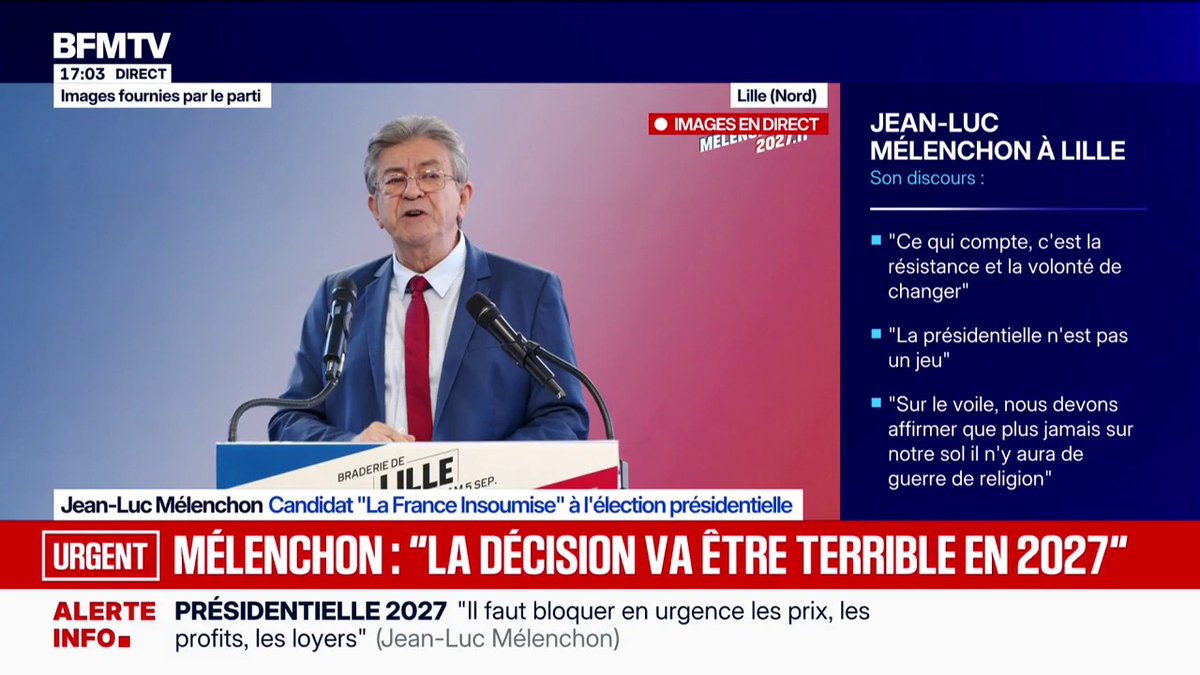 "La décision va être terrible en 2027", lance Jean-Luc Mélenchon, candidat de La France insoumise à l'élection présidentielle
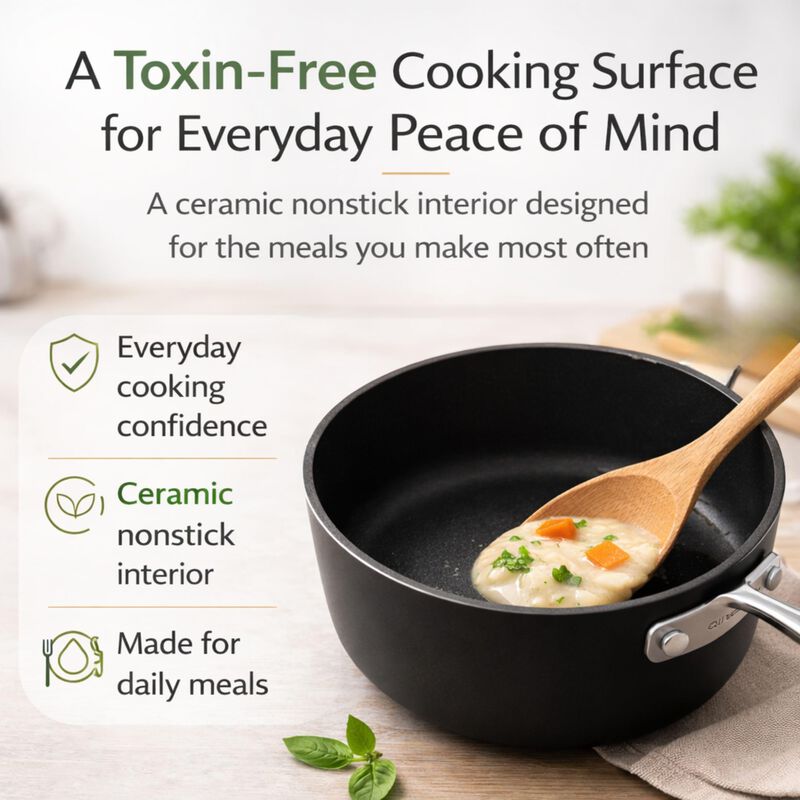Alva Maestro Cookware Set 7-Piece Set - Nonstick Ceramic Pans and Pots - Oven Safe, Easy to Clean and Made without PFAS, PFOA & PTFE - Induction & All Stovetop Compatible with Even Heat Distribution image number 2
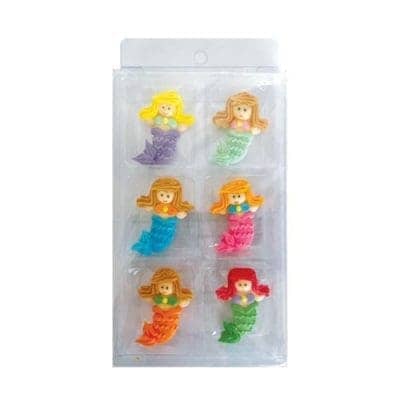 Cake Craft - Mermaids Sugar Decorations 6pk Edible Decorations The Cooks Kitchen 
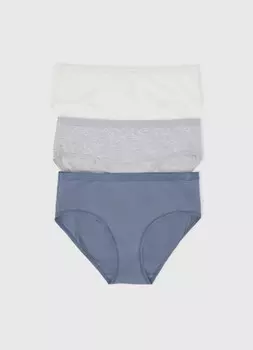 Трусы средней посадки, 3 шт., Голубой
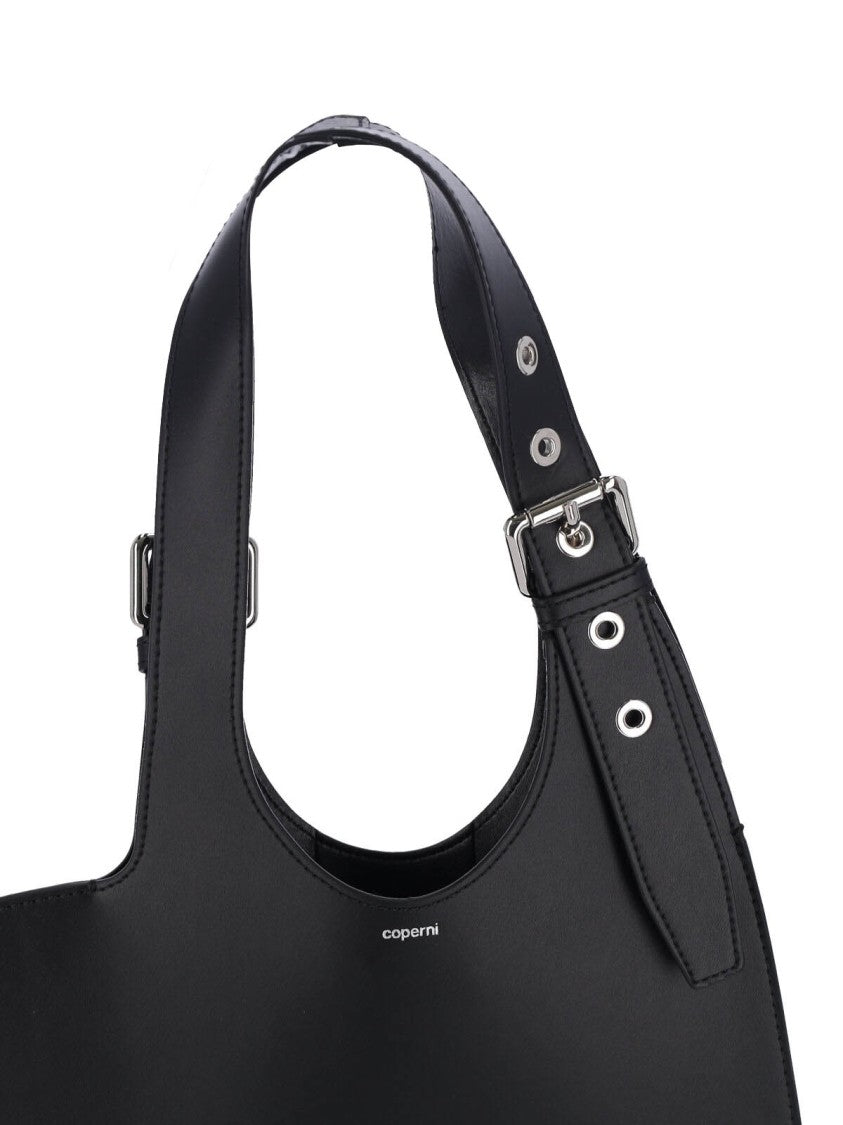 Coperni Heart-Shaped Black Calf Leather Tote With Adjustable Handle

---

Drop the images and copy all the data exactly.

 "La décision va être terrible en 2027", lance Jean-Luc Mélenchon, candidat de La France insoumise à l'élection présidentielle
Alva Maestro Cookware Set 7-Piece Set - Nonstick Ceramic Pans and Pots - Oven Safe, Easy to Clean and Made without PFAS, PFOA & PTFE - Induction & All Stovetop Compatible with Even Heat Distribution image number 2
 Cake Craft - Mermaids Sugar Decorations 6pk Edible Decorations The Cooks Kitchen 
 Трусы средней посадки, 3 шт., Голубой
 Coperni Heart-Shaped Black Calf Leather Tote With Adjustable Handle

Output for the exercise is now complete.